TASK ITEM: In the records below, find the line containing "Burberry Sunglasses AAAA-698", then print it and every following line exactly, through the last, without pictures.

TASK INPUT:
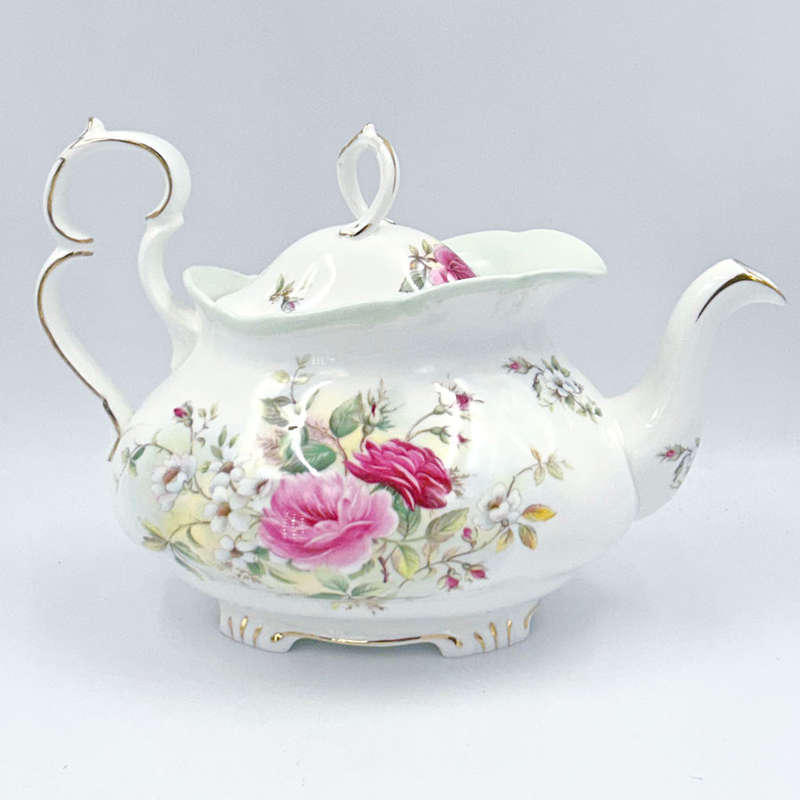 Royal Albert Memories Gainsborough Tea Pot C1970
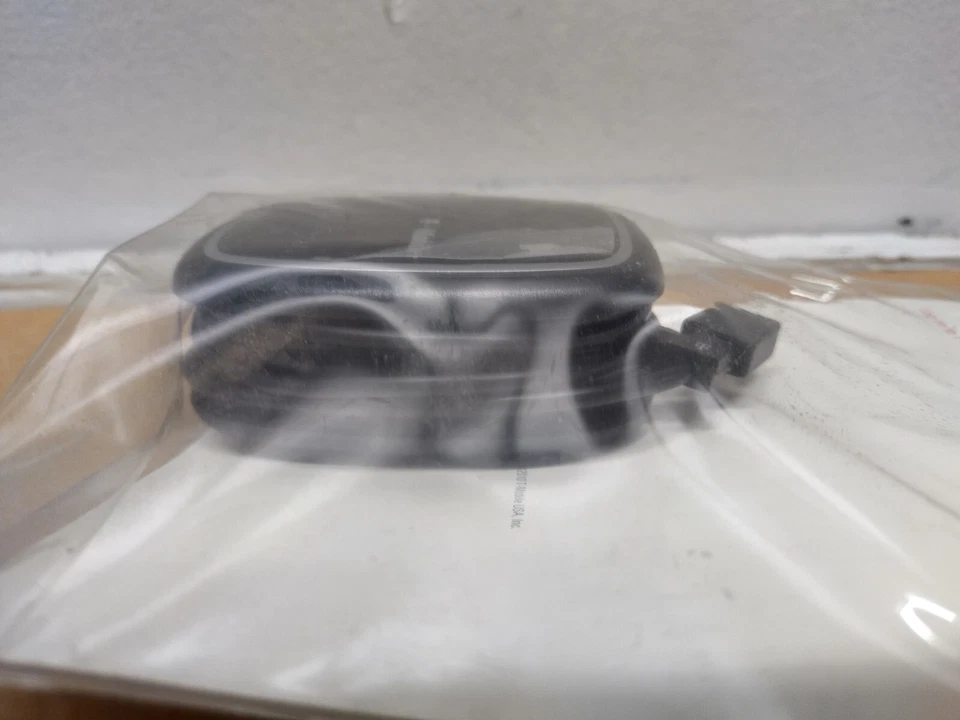 T-Mobile Universal Dual Micro USB Wall Charger for Smartphone Devices - Image 3 of 4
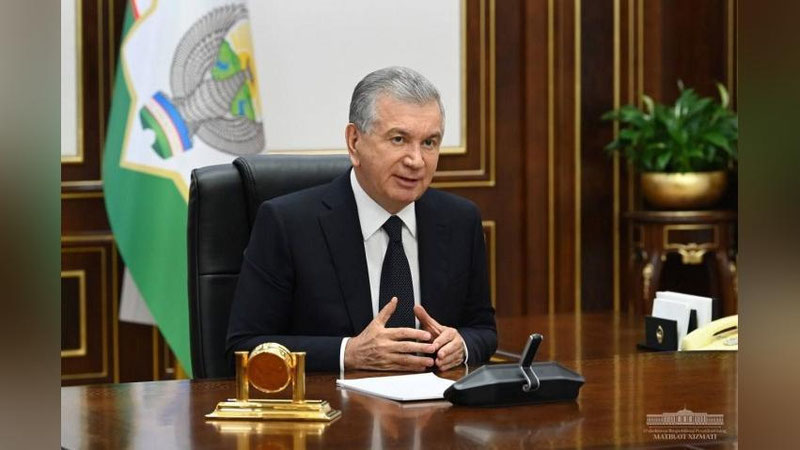 'Shavkat Mirziyoev tog`-kon sanoatidagi yangi loyihalar taqdimoti bilan tanishdi'ning rasmi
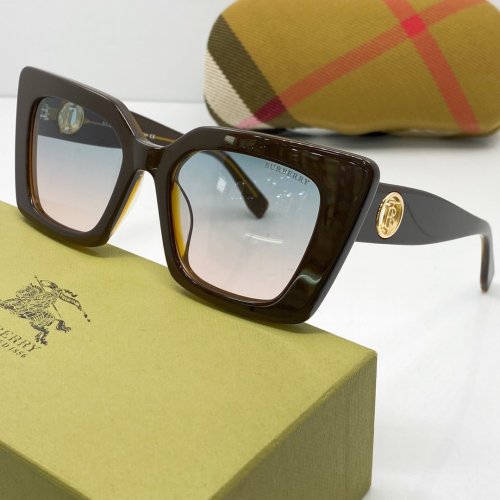 Burberry Sunglasses AAAA-698
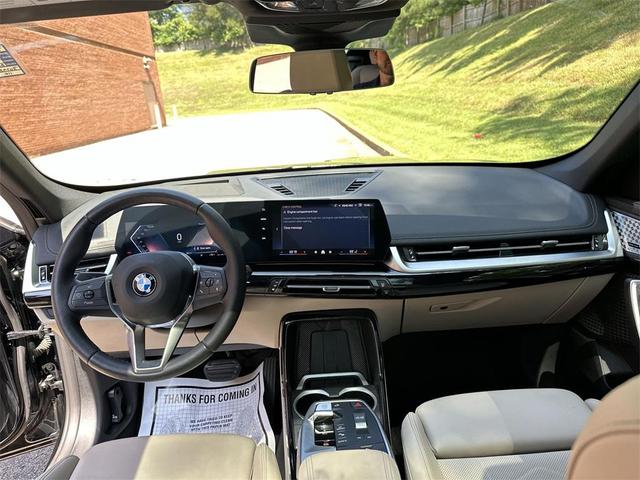 Photo of 2025 Black Sapphire Metallic BMW X1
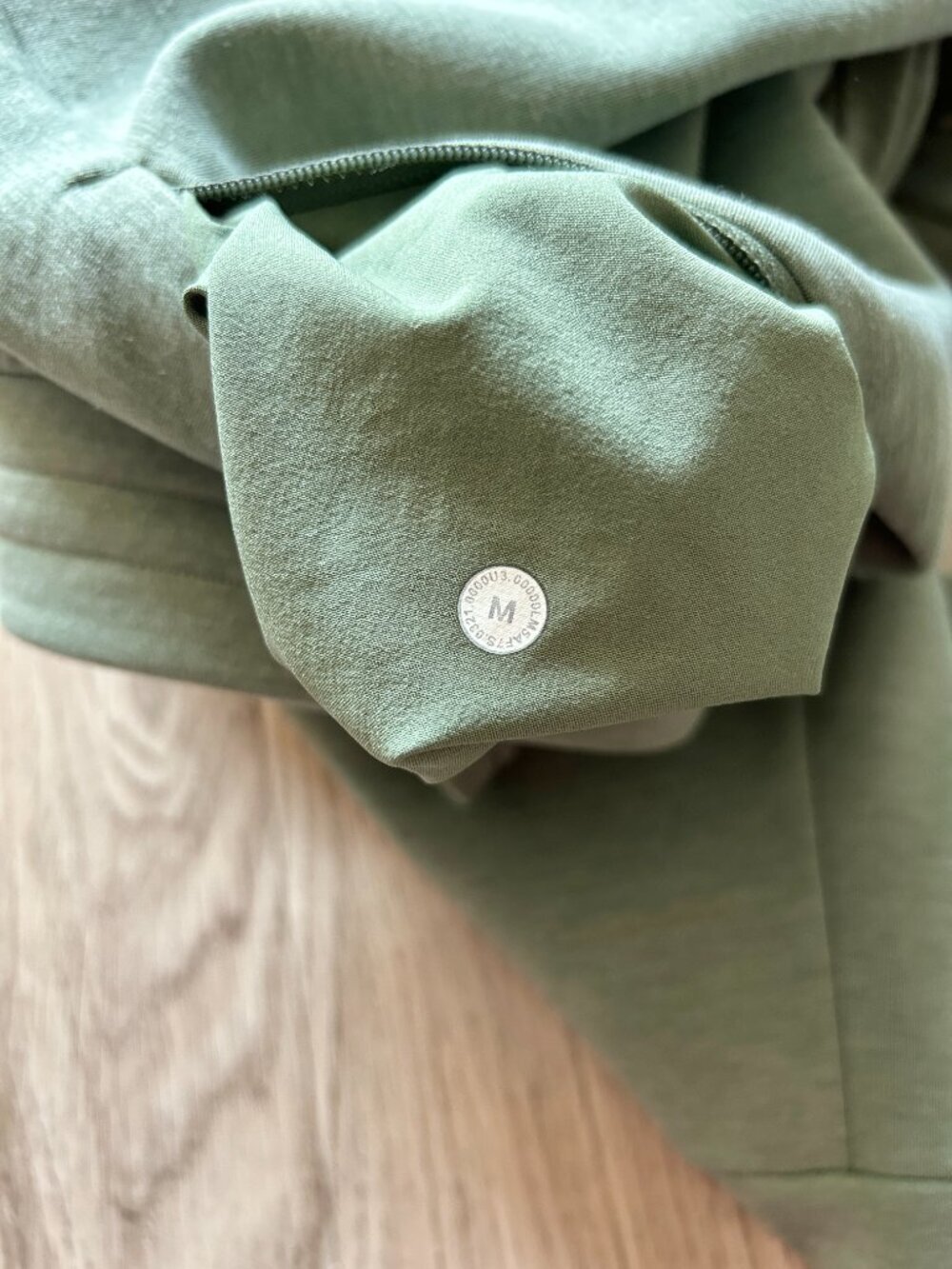 Lululemon Men's GridLiner Fleece Jogger Heathered Green Twill Size M LIKE NEW - Picture 8 of 10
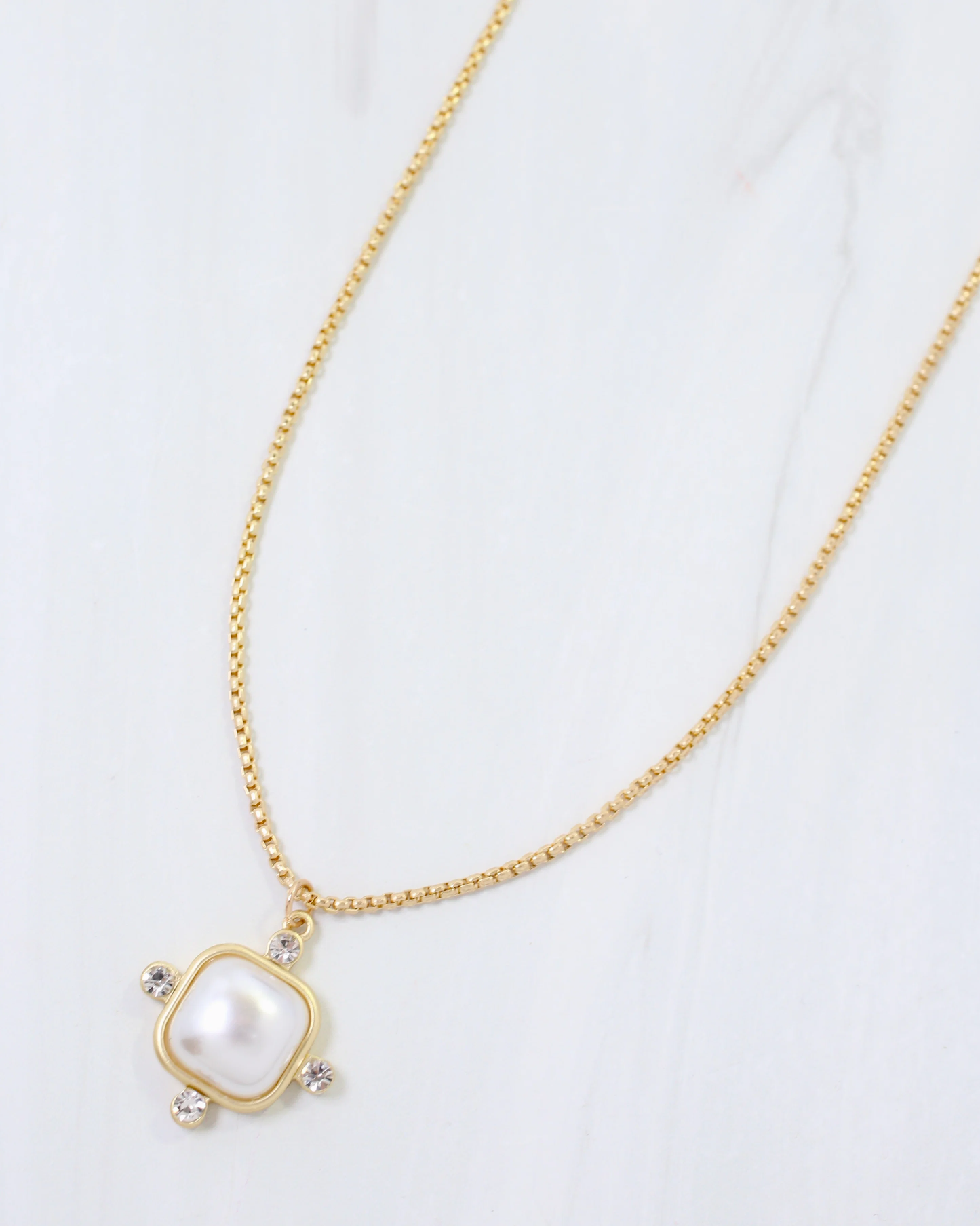 Belen Square Pearl Necklace - Gold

TASK RESULT:
 Burberry Sunglasses AAAA-698
 Photo of 2025 Black Sapphire Metallic BMW X1
 Lululemon Men's GridLiner Fleece Jogger Heathered Green Twill Size M LIKE NEW - Picture 8 of 10
 Belen Square Pearl Necklace - Gold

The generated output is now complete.